# Homework Help: Coupled oscillator; frequency?

1. Mar 31, 2010

### philnow

1. The problem statement, all variables and given/known data

Two identical undamped oscillators are coupled in such a way that the coupling force exerted on oscillator A is $$\alpha\frac{d^2x_a}{dt^2}$$ and the coupling force exerted on oscillator B is $$\alpha\frac{d^2x_b}{dt^2}$$ where $$\alpha$$ is a coupling constant with magnitude less than 1. Describe the normal modes of the coupled system and find their frequencies.

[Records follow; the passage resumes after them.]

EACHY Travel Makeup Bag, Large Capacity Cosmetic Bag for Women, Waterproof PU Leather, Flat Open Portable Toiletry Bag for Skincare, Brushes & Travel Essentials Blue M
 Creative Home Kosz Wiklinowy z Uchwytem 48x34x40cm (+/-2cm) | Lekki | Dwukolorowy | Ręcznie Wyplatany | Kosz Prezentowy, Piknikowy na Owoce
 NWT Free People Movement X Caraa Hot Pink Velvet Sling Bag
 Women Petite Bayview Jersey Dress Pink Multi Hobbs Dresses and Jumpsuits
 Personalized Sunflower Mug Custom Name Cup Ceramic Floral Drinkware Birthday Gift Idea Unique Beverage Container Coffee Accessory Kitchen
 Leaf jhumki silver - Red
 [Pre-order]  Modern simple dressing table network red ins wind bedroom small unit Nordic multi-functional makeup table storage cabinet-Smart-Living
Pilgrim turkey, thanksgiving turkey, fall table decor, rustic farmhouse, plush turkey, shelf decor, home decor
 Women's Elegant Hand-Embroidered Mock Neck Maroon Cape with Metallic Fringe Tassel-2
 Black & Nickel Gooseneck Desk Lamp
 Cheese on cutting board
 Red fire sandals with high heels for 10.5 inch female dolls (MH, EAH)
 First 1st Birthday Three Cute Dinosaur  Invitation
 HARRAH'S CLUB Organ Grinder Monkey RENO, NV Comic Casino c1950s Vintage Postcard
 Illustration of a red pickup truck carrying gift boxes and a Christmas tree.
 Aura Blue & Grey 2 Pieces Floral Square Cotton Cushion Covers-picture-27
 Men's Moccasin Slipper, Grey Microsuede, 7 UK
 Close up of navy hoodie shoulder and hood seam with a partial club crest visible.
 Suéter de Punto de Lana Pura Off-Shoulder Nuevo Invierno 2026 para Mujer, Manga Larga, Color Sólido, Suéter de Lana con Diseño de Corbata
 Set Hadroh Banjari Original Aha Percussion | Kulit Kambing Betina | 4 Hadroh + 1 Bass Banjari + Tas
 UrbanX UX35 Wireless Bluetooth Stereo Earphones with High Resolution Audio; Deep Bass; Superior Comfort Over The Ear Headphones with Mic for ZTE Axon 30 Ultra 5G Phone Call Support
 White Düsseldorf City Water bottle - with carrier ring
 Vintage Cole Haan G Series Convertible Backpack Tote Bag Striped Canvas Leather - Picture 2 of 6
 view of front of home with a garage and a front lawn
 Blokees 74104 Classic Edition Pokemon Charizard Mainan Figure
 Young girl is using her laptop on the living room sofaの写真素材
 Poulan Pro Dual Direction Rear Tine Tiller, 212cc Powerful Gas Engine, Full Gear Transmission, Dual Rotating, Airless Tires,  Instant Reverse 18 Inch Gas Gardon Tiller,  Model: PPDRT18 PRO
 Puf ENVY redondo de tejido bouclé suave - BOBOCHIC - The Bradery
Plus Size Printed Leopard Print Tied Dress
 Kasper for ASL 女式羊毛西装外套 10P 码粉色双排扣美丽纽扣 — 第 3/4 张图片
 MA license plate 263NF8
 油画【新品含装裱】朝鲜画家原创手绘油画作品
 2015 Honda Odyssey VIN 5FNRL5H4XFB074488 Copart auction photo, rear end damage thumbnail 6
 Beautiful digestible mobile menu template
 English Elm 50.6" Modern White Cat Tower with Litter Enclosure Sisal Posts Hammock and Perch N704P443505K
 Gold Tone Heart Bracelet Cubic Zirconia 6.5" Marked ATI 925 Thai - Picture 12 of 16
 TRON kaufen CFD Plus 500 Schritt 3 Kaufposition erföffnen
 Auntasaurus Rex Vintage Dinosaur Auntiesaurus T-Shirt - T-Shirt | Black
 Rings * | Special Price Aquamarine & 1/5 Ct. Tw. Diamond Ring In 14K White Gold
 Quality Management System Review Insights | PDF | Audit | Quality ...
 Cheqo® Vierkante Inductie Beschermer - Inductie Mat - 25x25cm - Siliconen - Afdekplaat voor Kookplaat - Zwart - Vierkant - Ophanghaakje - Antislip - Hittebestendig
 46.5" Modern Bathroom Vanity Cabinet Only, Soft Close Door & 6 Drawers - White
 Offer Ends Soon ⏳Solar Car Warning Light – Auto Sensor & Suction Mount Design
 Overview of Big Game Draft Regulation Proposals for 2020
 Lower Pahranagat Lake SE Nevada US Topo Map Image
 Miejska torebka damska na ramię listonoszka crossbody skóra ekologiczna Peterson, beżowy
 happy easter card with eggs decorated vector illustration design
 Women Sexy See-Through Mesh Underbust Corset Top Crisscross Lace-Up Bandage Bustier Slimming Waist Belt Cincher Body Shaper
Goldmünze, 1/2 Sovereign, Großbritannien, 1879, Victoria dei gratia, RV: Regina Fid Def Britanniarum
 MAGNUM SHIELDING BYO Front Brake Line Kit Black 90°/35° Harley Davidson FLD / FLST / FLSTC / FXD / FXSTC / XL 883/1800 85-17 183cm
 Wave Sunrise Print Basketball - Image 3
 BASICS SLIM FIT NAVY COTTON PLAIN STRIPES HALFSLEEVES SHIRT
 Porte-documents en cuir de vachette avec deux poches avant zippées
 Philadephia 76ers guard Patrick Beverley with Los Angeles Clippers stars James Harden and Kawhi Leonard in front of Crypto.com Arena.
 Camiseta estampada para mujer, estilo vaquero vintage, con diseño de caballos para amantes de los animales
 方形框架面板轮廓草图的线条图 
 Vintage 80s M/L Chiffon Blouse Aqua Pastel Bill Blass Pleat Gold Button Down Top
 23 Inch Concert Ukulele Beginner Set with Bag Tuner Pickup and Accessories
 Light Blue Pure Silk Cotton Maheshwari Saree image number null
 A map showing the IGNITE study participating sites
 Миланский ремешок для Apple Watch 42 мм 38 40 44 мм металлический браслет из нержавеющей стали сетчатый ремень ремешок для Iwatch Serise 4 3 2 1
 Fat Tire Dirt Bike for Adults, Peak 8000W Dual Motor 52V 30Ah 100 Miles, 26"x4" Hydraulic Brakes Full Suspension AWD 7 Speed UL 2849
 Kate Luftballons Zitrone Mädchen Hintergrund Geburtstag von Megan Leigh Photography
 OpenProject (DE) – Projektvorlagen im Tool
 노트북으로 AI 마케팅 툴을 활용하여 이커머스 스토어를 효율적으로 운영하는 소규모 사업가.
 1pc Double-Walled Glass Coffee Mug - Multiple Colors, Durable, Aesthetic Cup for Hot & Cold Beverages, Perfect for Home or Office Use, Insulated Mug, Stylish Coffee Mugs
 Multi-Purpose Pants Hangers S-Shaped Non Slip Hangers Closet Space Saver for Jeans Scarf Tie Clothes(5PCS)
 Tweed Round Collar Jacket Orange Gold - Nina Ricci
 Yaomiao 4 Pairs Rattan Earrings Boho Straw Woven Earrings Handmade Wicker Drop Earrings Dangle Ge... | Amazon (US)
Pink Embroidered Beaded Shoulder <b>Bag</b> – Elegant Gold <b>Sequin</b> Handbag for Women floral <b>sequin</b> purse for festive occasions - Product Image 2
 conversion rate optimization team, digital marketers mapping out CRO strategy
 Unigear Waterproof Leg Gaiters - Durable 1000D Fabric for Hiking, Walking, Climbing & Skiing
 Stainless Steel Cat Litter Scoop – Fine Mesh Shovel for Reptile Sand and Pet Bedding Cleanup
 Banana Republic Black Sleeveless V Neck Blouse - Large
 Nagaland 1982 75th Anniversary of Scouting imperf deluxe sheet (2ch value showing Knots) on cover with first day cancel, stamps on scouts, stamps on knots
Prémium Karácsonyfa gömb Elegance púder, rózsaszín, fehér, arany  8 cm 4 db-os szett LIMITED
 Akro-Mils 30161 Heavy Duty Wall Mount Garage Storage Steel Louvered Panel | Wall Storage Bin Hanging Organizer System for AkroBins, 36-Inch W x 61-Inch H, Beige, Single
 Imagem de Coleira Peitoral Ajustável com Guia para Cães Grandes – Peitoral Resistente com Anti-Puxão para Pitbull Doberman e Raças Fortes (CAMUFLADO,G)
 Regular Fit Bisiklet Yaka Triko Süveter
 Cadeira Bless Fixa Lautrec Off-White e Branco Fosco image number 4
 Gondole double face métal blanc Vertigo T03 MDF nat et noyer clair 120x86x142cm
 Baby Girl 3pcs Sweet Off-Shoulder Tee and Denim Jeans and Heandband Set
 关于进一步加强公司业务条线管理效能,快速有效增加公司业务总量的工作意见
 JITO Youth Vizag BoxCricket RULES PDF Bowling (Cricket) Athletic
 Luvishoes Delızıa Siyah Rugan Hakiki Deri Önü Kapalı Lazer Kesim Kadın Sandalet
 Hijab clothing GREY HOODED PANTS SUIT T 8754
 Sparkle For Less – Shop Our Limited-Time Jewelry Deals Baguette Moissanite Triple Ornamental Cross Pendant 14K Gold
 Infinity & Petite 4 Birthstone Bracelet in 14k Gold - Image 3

3. The attempt at a solution

I know this isn't much of an attempt, but I've searched online and in the text... what am I supposed to do with this coupling constant?

2. Mar 31, 2010

### vela

Staff Emeritus
Start by writing the equation of motion for both oscillators.

3. Mar 31, 2010

### mathman44

That's where I'm stuck...

$$m\frac{d^2x_a}{dt^2}=\alpha\frac{d^2x_a}{dt^2}$$
$$m\frac{d^2x_b}{dt^2}=\alpha\frac{d^2x_b}{dt^2}$$

?

4. Mar 31, 2010

### mathman44

I'd be glad to show more work if I knew what to do with this coupling constant!

5. Mar 31, 2010

### vela

Staff Emeritus
Those equations say the only force on the masses is the coupling force. What about the restoring force?

6. Mar 31, 2010

### mathman44

$$m\frac{d^2x_a}{dt^2}=\alpha\frac{d^2x_a}{dt^2} - k(x_a)$$
$$m\frac{d^2x_b}{dt^2}=\alpha\frac{d^2x_b}{dt^2} - k(x_b)$$